The DCA has embarked on aggressive enforcement, maximized by strategic outreach efforts, to combat increasing consumer complaints. During fiscal year 2006, 179 vehicles owned by unlicensed home improvement contractors were seized by the DCA, while nearly $900,000 in consumer restitution was returned through the agency’s Home Improvement Trust Fund and successful mediation efforts. The DCA recently partnered with other government agencies, nonprofit organizations and the Home Improvement Contractors Association of Staten Island to hold a public forum in Canarsie, Brooklyn, on best industry practices. Another forum is planned for the fall.
Licensed contractors must undergo a criminal history check, pass a written examination on their knowledge of the law and contracts, and contribute to the DCA Home Improvement Contractor Trust Fund at the time of application and each time they renew, or post a bond. The Home Improvement Trust Fund can reimburse homeowners - up to a maximum of $15,000 - if the licensed contractor they hired subsequently damaged their home and went out of business or left town.
"People’s homes are often their most important investment. The best way New Yorkers can protect themselves when hiring someone to make repairs or improvements is to make sure the contractor has a valid DCA license and that they are using legitimate contract terms," added Commissioner Mintz. "Check on complaint and violation histories, and never pay in cash or more than one-third upfront."

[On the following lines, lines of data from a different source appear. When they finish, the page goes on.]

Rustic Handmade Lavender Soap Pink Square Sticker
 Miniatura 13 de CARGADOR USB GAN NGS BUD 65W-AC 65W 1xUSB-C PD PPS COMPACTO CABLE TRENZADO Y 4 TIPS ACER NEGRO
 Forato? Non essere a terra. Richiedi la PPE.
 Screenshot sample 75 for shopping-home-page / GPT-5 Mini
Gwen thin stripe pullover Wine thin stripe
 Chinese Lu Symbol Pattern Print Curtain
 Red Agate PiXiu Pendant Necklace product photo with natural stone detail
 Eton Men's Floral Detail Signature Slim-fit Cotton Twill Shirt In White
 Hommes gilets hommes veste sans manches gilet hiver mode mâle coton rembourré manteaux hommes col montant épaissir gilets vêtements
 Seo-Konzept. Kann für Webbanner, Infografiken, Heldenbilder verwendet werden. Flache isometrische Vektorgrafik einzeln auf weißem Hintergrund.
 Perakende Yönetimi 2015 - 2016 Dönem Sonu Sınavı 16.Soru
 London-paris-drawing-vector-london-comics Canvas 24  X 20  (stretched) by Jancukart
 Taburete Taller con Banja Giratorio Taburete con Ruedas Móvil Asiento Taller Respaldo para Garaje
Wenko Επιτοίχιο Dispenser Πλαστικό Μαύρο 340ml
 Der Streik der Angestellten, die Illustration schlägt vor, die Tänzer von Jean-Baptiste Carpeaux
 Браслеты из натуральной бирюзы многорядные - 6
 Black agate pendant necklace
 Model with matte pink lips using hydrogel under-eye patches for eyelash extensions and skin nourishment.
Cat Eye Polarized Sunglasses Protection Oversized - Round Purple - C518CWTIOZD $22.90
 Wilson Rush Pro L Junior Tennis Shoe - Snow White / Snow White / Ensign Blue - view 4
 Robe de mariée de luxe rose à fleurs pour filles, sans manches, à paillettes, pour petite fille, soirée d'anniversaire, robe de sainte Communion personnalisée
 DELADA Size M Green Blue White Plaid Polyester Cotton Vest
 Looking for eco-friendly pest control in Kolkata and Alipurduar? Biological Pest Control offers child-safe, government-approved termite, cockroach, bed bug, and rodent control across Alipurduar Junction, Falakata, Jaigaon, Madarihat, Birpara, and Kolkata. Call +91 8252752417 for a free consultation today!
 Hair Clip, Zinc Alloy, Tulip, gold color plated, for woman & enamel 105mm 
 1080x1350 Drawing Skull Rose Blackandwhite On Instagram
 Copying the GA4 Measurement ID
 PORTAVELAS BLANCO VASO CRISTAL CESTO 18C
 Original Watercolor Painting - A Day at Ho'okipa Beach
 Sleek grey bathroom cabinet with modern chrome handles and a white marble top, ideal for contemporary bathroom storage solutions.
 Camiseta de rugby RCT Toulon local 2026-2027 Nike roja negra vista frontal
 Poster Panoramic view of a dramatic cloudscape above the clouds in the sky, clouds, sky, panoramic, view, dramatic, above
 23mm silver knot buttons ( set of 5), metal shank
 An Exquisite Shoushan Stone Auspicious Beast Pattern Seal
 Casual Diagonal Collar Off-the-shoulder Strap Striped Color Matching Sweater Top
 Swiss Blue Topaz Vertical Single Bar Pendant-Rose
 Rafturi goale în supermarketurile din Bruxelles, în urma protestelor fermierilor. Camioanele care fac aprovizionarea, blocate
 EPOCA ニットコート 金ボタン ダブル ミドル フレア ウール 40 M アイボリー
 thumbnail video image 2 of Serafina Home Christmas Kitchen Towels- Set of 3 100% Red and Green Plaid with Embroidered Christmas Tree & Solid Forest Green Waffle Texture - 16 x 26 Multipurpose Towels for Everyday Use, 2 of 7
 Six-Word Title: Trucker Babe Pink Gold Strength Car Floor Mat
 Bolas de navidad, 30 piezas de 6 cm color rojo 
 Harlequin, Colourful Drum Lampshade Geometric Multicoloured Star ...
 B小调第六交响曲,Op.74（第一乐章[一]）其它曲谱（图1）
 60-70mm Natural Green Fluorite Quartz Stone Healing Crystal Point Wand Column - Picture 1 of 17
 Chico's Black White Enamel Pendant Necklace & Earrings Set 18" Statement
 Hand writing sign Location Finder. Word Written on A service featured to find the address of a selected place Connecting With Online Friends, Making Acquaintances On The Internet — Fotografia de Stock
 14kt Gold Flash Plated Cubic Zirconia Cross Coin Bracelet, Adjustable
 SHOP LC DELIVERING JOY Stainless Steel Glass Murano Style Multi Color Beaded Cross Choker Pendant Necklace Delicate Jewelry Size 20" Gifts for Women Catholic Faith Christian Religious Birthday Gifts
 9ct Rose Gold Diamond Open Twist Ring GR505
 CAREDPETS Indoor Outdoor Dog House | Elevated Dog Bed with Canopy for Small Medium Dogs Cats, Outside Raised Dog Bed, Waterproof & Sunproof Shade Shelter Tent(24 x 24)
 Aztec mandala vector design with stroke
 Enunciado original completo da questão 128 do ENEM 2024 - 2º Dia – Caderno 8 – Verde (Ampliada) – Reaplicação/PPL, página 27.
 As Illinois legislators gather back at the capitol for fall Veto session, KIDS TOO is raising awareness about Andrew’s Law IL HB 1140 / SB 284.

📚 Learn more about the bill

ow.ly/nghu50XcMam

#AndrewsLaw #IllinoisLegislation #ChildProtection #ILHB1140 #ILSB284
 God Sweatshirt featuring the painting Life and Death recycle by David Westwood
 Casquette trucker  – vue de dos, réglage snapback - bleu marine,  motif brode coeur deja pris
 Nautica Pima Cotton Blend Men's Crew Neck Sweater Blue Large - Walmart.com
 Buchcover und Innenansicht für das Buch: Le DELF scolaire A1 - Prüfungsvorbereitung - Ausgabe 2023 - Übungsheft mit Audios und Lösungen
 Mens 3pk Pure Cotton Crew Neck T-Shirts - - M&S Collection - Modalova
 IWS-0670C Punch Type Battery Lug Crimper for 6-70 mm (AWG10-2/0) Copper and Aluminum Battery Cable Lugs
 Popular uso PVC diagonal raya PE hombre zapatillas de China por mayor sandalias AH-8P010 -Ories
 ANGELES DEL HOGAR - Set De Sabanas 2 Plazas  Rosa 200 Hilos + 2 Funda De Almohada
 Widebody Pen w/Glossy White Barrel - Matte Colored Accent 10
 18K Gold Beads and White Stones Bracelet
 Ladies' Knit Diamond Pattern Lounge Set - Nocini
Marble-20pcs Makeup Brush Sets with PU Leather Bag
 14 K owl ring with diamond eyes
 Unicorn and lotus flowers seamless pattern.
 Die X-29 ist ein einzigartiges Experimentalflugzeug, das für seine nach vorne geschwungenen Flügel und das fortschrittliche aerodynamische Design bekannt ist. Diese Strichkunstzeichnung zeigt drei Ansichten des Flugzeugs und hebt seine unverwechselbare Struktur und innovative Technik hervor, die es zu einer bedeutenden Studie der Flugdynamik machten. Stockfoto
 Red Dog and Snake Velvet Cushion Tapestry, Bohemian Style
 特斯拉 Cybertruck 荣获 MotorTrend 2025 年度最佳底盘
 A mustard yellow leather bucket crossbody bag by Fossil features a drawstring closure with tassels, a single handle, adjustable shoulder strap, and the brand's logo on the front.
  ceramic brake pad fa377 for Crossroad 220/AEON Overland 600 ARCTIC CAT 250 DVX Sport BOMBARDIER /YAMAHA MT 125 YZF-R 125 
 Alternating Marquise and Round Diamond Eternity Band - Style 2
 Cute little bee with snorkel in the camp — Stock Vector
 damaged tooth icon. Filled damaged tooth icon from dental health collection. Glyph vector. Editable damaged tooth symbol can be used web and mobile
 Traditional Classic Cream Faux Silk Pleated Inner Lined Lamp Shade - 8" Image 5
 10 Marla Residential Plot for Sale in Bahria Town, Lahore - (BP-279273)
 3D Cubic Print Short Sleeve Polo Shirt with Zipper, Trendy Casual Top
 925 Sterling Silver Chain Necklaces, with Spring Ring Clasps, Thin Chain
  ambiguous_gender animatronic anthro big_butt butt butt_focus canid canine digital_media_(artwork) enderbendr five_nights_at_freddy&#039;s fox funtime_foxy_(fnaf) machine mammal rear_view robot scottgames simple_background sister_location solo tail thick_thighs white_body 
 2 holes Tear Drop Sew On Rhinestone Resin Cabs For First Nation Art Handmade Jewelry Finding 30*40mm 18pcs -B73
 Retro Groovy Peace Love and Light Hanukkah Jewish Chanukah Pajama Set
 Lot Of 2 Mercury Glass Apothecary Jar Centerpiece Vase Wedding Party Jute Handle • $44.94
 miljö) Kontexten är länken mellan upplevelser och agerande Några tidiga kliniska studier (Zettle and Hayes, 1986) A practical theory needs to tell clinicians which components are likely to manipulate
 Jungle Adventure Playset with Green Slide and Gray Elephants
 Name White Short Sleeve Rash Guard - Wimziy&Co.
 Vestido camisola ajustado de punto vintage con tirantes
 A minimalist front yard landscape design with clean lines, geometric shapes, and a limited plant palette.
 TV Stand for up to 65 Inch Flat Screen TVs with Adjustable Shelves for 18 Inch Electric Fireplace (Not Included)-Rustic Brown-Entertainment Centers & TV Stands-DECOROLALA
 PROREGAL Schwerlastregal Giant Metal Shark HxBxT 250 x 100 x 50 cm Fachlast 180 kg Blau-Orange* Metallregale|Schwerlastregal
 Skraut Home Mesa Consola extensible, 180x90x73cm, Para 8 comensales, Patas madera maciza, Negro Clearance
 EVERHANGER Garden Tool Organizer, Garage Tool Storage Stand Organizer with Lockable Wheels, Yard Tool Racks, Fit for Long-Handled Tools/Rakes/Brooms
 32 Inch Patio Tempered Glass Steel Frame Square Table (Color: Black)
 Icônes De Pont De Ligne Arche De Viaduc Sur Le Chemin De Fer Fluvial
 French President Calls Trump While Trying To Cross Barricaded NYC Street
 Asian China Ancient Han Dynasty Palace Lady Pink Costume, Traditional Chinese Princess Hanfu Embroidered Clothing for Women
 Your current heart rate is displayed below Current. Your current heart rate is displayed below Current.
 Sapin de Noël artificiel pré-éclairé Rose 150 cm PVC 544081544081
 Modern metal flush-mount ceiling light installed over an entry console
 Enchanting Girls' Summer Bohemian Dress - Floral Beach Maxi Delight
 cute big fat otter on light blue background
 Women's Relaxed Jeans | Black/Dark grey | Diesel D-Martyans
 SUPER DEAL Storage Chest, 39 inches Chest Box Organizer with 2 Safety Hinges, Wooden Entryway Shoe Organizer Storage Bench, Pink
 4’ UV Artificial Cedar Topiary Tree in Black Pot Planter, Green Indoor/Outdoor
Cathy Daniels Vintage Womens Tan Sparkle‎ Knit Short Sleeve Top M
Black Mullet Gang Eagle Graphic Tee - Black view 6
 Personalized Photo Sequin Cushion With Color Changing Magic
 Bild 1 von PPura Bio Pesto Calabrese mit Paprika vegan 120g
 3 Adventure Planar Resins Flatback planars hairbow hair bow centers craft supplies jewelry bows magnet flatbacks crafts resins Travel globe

For license applications, to file a complaint, to check a vendor’s complaint history, or to request a copy of the DCA Home Improvement Consumer Guide with a sample contract, call 311, or use DCA’s Instant Online License Check found at www.nyc.gov/consumers.
- Always use a licensed contractor. Make sure that the person you are negotiating with is a licensed home improvement salesperson and authorized to negotiate a contract on behalf of the contractor.
- Check complaint histories by calling 311, or use the DCA Instant Online License Check. Get references.
- Never pay in cash.
- Don’t pay more than one-third of the total amount upfront and continue with ‘progress’ payments as work continues.
- Know your contract rights. Homeowners have the right to cancel any contract within three days. A sample contract is available on the DCA Web site at www.nyc.gov/consumers.
- Don’t finance improvements or repairs through your contractor. If a home improvement contractor tries to arrange financing, file a complaint immediately with the DCA. It is illegal for contractors to carry loan papers when soliciting home improvement work or to otherwise arrange for financing of home improvement work. If financing is needed for repairs or improvements, instead investigate options on your own at your bank or credit union.